COVID-19 vaccine development became one of the most urgent scientific priorities in modern history when the pandemic emerged, demanding unprecedented collaboration between pharmaceutical companies, public health organizations, and clinical research networks. The partnership between Merck and IAVI to develop an investigational vaccine against SARS-CoV-2 is a clear example of how that collaboration took shape during the earliest and most critical phase of the global response.
At FOMAT, vaccine development and infectious disease research have been central to our work since the early days of the pandemic. As a clinical research organization that conducted COVID-19 trials directly in the communities we serve, we understand firsthand how critical industry and public health partnerships are to accelerating the development of safe and effective treatments. Collaborations like the one between Merck and IAVI represent exactly the kind of innovation that brings new therapies to the patients who need them most.
What the Merck and IAVI COVID-19 vaccine development collaboration involved
Merck and IAVI announced a collaboration to develop an investigational vaccine against SARS-CoV-2 with the goal of preventing COVID-19. The vaccine candidate was designed to use the recombinant vesicular stomatitis virus technology, known as rVSV, which served as the basis for Merck’s Ervebo vaccine against Ebola Zaire virus. Ervebo was the first Ebola vaccine to receive approval for use in humans, establishing the rVSV platform as a proven foundation for tackling serious viral threats.

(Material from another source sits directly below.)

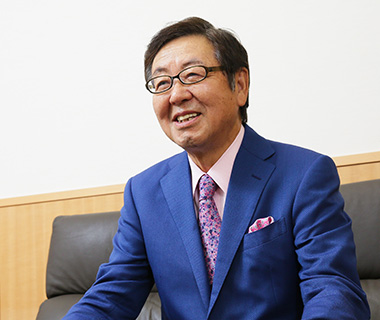似鳥昭雄 氏の写真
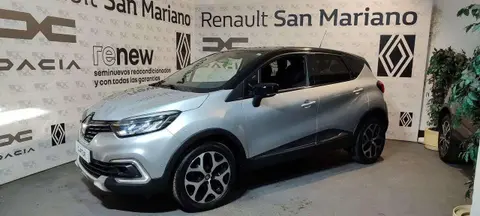 Annonce RENAULT CAPTUR Essence 2019 d'occasion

To support the collaboration, Merck signed an agreement with the Biomedical Advanced Research and Development Authority, known as BARDA, which is part of the US Department of Health and Human Services, to provide funding for the development program.

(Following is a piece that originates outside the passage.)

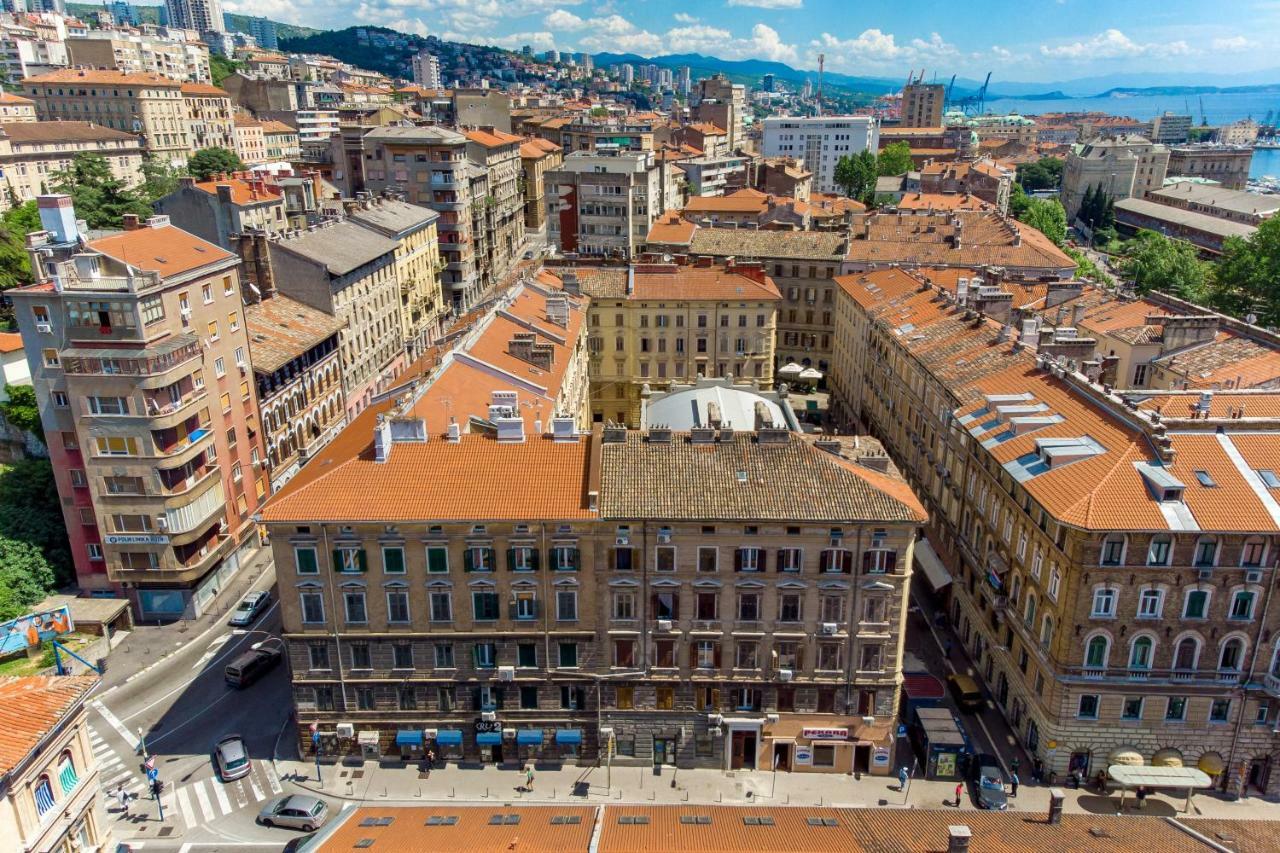 Apartments Paulina Rijeka Exterior photo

The science behind rVSV based COVID-19 vaccine development
The rVSV platform used in this collaboration has a meaningful track record. Its application in the Ervebo Ebola vaccine demonstrated that the technology could be deployed safely and effectively in humans under urgent conditions, including during active outbreak responses in sub-Saharan Africa. Applying this same platform to SARS-CoV-2 offered a credible and potentially accelerated pathway to a viable COVID-19 vaccine candidate.
The vaccine candidate evaluated in this collaboration was designed and engineered by IAVI scientists and was in preclinical development at the time of the announcement, with clinical study plans set for later that year. IAVI’s design and development laboratory in Brooklyn, New York served as the primary site for development work, which was part of a broader IAVI initiative to develop rVSV vaccines for multiple infectious diseases including HIV, Lassa fever, Marburg, and Ebola Sudan.
Under the terms of the collaboration, Merck took responsibility for leading regulatory filings globally, while both organizations committed to working together to develop the vaccine and ensure that, if approved, it would be made accessible and affordable to populations in need.
Why partnerships like this matter for infectious disease research
COVID-19 vaccine development at the speed required by the pandemic was only possible because of collaborative models that combined the scientific expertise of research institutions with the regulatory, manufacturing, and distribution capabilities of established pharmaceutical companies. IAVI brought deep expertise in rVSV platform design and a mission focused specifically on developing vaccines for diseases that disproportionately affect low and middle income countries. Merck brought the scale, regulatory experience, and manufacturing infrastructure needed to move a candidate from preclinical development toward global deployment.
According to the Mayo Clinic, COVID-19 vaccines work by training the immune system to recognize and respond to the virus, and the development of multiple vaccine platforms during the pandemic expanded the options available to address different population needs and supply constraints.
This kind of partnership model, where complementary strengths are combined rather than duplicated, is one of the defining features of how COVID-19 vaccine development succeeded at a pace that would have seemed impossible under traditional timelines.
FOMAT’s role in infectious disease and vaccine clinical research
FOMAT’s participation in COVID-19 clinical trials during the pandemic reflects the organization’s commitment to being a responsive and capable research partner when public health needs are most urgent. By conducting trials within established community based physician practices, FOMAT was able to recruit diverse patient populations quickly and maintain the trust relationships that are essential for effective enrollment in a crisis environment.
Infectious disease remains an active area of clinical research within FOMAT’s network. Our infectious disease and vaccine clinical trial capabilities support sponsors and CROs conducting studies in this therapeutic area, with access to a diverse national patient population and experienced investigators across multiple sites.
For sponsors evaluating research partners for vaccine and infectious disease programs, FOMAT’s patient recruitment excellence and Phase I through Phase IV clinical research capabilities provide the infrastructure needed to execute high quality studies efficiently and with the demographic diversity that regulatory agencies increasingly require.
COVID-19 vaccine development demonstrated what is possible when scientific collaboration, public health urgency, and well-executed clinical research align. The lessons learned from that experience continue to shape how FOMAT and its partners approach infectious disease research today.